Páginas

domingo, 18 de junho de 2023

"Estorvo" de Chico Buarque

 

Li o romance de estreia "Estorvo" do cantor e escritor brasileiro Chico Buarque e galarduado com o prémio Camões. Tinha esta obra integrada numa coleção que comprei e associada a uma assinatura de um jornal.

Na transição entre o sonho e a realidade de um acordar com o toque da campainha, o protagonista vigia quem pretende ir ao seu apartamento, num vislumbre reconhece mas não lhe abre a porta. Regressa então à cama e entramos numa espécie de delírio entre memórias e uma peregrinação de uns dias onde todos os momentos narrados sucessivos corresponde a uma mistura da realidade presente e recordações de factos, desde ao visita à ex-mulher, ao roubo da irmã numa casa de sonho, passando por mala de estupefacientes e visitas a uma casa de infância ocupada por gente muito estranha.

Num texto poético que parece um delírio, é de facto uma obra estranha, mas que depois de começar a ler, li compulsivamente embora mais me parecer o evoluir de um sonho cheio de factos do que uma narrativa linear. Gostei embora por vezes me sentisse perdido num surrealismo cujo o texto me deu prazer de ler.

sábado, 10 de junho de 2023

"Entre dois Palácios" de Naguib Mahfouz

 

Citação
"É impossível escapar a uma desesperança insondável"
" A fé é mais forte que a morte e a morte é mais nobre do que a humilhação."

Neste momento estou numa fase de forte redução do tempo disponibilizado à leitura, pelo que, levei dois meses e meio a ler as 609 páginas do romance "Entre os Dois Palácios", o primeiro da denominada "Trilogia do Cairo", escrito pelo autor egípcio, laureado com o Nobel da literatura, Naguib Mahfouz.

Este romance conta a vida dos membros da família Ahmad Abdel Gawwad, composta pela subserviente segunda mulher e os cinco filhos dele durante o período da I Grande Guerra Mundial  e vai até à revolução de reivindicação da independência do Egito. Um período de transição em que o país está ocupado pelo ingleses e os Turcos do império Otomano já deixaram o território e a nação muçulmana anseia por se libertar da tutela estrangeira cristã.
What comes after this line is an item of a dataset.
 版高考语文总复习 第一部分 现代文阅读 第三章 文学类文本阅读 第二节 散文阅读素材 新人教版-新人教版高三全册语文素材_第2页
O líder da família é um importante comerciante influente e respeitado no seu bairro, mas tem duas personalidades: a primeira gere a família com um feroz conservadorismo e obediência à fé muçulmana, retém em casa a mulher e filhas sem qualquer contacto social e impõe aos filhos uma obediência cega às suas diretrizes e apesar de dois deles serem maiores tal não impede o uso da violência física e psicológica. A segunda personalidade é a de um dissoluto com mulheres, apaixonado pela música e poesia e viciado em álcool.

Apesar do terror imposto por sayyed Gawwad, os elementos da família tendem a desobediências e a esconder esses factos, desde o primogénito filho de um primeiro casamento que segue as pisadas do pai na sua vida fora de casa, a uma filha demasiado agressiva na linguagem e a outra de excecional beleza que se quer mostrar, passando pelo idealista Fahmi com ideais políticos de participação na revolução e ainda criança a Kamal que inocentemente desrespeita as regras e se torna mascote de ingleses que ocupam a rua. Exceção para a subserviente mulher, que apenas por um deslize aliciado pela família será alvo de um castigo desproporcionado.

O romance, ao retratar a intimidade desta família, inclusive o pensamento das suas personagens, mostra a cultura egípcia, a mentalidade tradicional das suas gentes, o peso da religião islâmica nas relações humanas e na formação da personalidade. Não faz julgamentos sobre o certo ou o errado de forma evidente, mas ao salientar a hipocrisia, põe a nu uma sociedade patriarcal onde a mulher não é livre, nem tem voz, mas também onde esta inclusive não só aceita essa secundarização, como até se choca com outras que têm maiores liberdades.

A situação também está evidente na tradição dos casamentos negociados pelos mais velhos e não por escolha pessoal dos envolvidos, da imposição do patriarca aos filhos, além das formas como certos personagens contornam a imposição religiosa e moral mantendo as aparências social, sem omitir a exposição do caminhada para a independência deste povo dominado por estrangeiros. O romance mais do que denunciar, serve para reflexão do leitor e compreensão das diferenças culturais entre ocidente e o médio oriente islâmico.

Com numerosas referência ao Corão está-se perante uma narrativa que junta uma trama e informação histórica, com textos, por vezes, com parágrafo muito extensos intercalados com diálogos, onde há um uso de metáforas bem distintas das que podem brotar na cultura ocidental. Um excelente romance que desperta interesse para a continuidade da leitura dos volumes seguintes para completar a saga familiar e compreender a história do Egito na primeira metade do século XX.